Wall Street Journal
By Colleen McCain Nelson
December 16, 2015
After
Donald Trump called for a total shutdown of Muslims entering the U.S.,
President Barack Obama urged Americans to remember that their freedom is
bound up with the
freedom of others, regardless of what faith they practice.
Less
than a week later, senior White House officials met with American
Muslim and Sikh leaders. And on Tuesday, the president told 31 newly
naturalized U.S. citizens that
“immigrants and refugees revitalize and renew America.”
On each occasion, White House officials said Mr. Obama was simply voicing long-held beliefs.
“It’s
not as if the president went out of his way to describe these values,”

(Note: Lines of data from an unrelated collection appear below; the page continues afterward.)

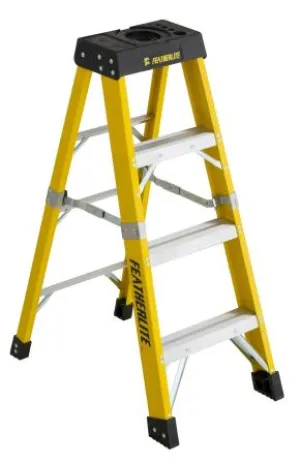Ladder - Featherlite Series 6400 4′ Extra Heavy Duty Fiberglass Step Ladder, 6404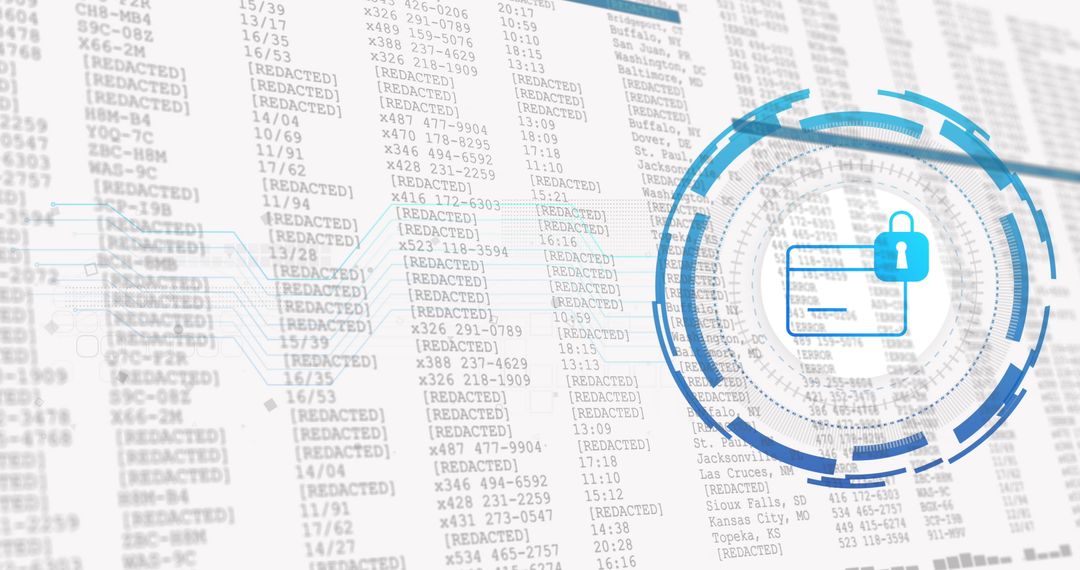 Data Security Concept with Credit Card Icon and Encrypted Codes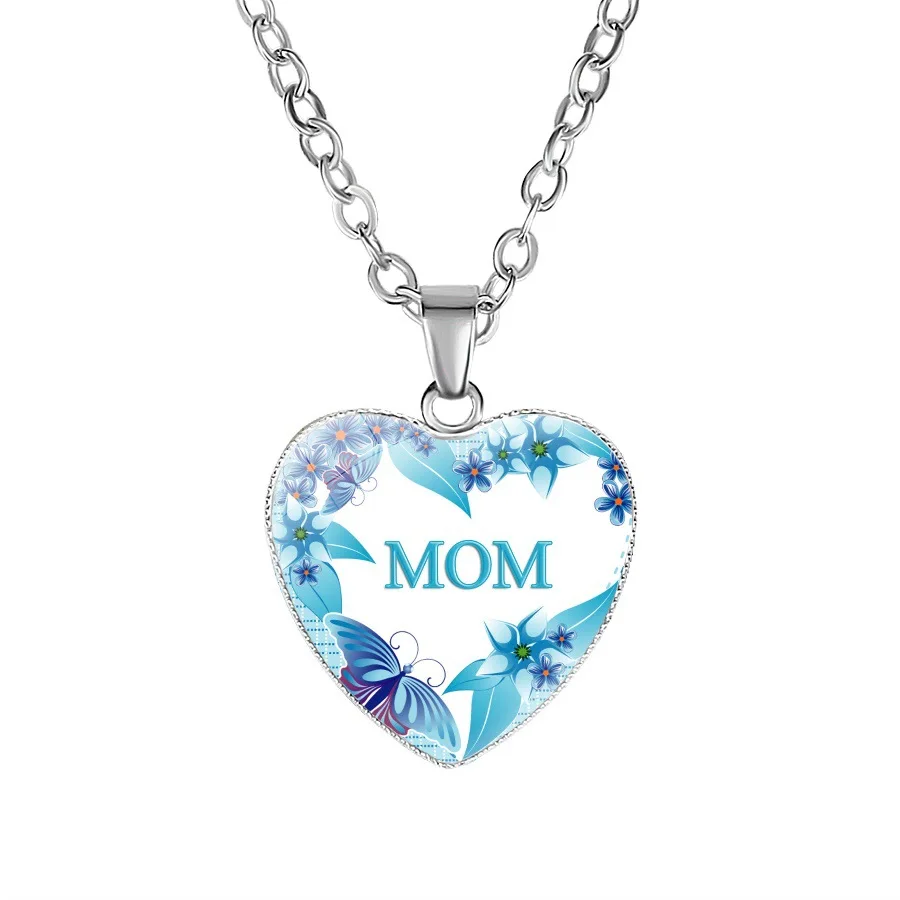 8 Style Love You Mom Necklace Charm 
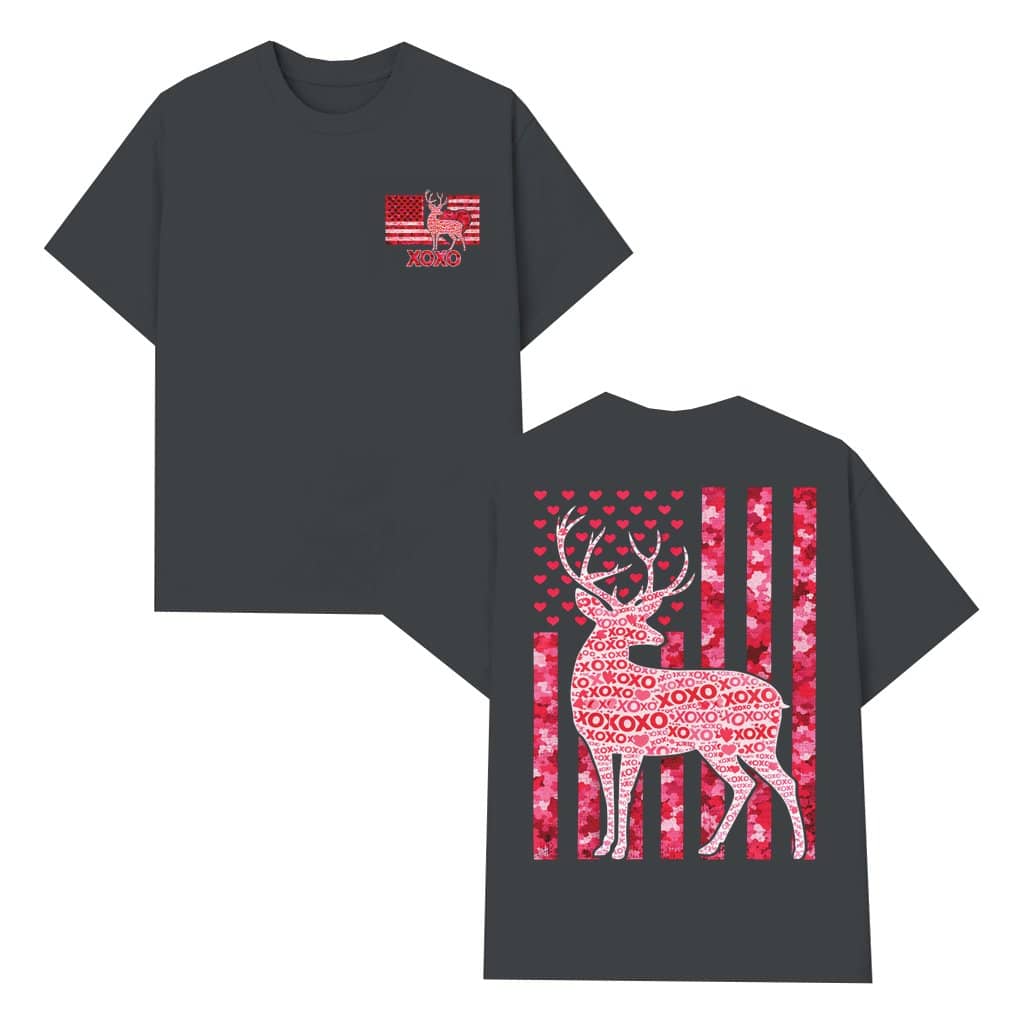 XOXO Pink Buck Deer Wash Tee – Valentine's Day Gift for Deer Hunter Camouflage USA Flag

White House Press Secretary Josh Earnest said after Mr. Obama spoke
Tuesday at a naturalization
ceremony. “These are the kinds of things the president has long fought
for.”
But
whether coincidence or coordinated effort, the cumulative effect has
been a not-so-subtle condemnation of Mr. Trump and other Republican
presidential candidates who
have opposed allowing Syrian refugees to resettle in the U.S. or who
have suggested that only Christian refugees should be accepted.
Throughout
this presidential campaign, White House officials have deflected a
steady stream of questions about the GOP candidates’ views and
declarations. The president
won’t be weighing in on every utterance from the campaign trail, they
say.
But
Mr. Trump’s call to block Muslims from coming to the U.S. has sparked a
sharp and sustained response from the president himself, even though
Mr. Obama never mentions
the businessman and Republican front-runner by name.
The
presidential pushback started with Mr. Obama’s speech last week marking
the 150th anniversary of the abolition of slavery. He hailed those who
had fought discrimination
in the past and urged today’s Americans to rise above fear and to keep
in mind “the freedom of others – regardless of what they look like or
where they come from or what their last name is or what faith they
practice.”
The
president’s call for Americans to “push back against bigotry in all its
forms” provided a stark contrast between Mr. Obama and the GOP
presidential candidates, said
Mr. Earnest, the White House spokesman. “But I would contest the notion
that this is something that the president newly inserted into his
remarks to respond to one individual,” he said.
When
a few of the president’s top advisers met with Muslim-American and Sikh
leaders Monday and convened an interfaith conference call, Mr. Earnest
said at least one of
the meetings had been scheduled previously, but he noted that combating
religious discrimination was a “timely topic of conversation.”
Despite
intense criticism from Democrats and even some Republicans, Mr. Trump
has stood by his proposal to block Muslims from the U.S., saying in
Tuesday night’s GOP debate
that this is a matter of security, not religion.
The
president’s most emphatic counter to Mr. Trump’s plan came Tuesday,
when he spoke to a group of new Americans. Mr. Obama said “immigration
is our origin story,” but
that this country sometimes has succumbed to fear, citing Japanese
internment during World War II.
“How
quickly we forget. One generation passes, two [generations pass], and
suddenly we don’t remember where we came from,” Mr. Obama said. “And we
suggest that somehow
there is ‘us’ and there is ‘them,’ not remembering we used to be
‘them.’ On days like today, we need to resolve never to repeat mistakes
like that again.”
The president never spoke the words “Donald Trump.” But the message was clear.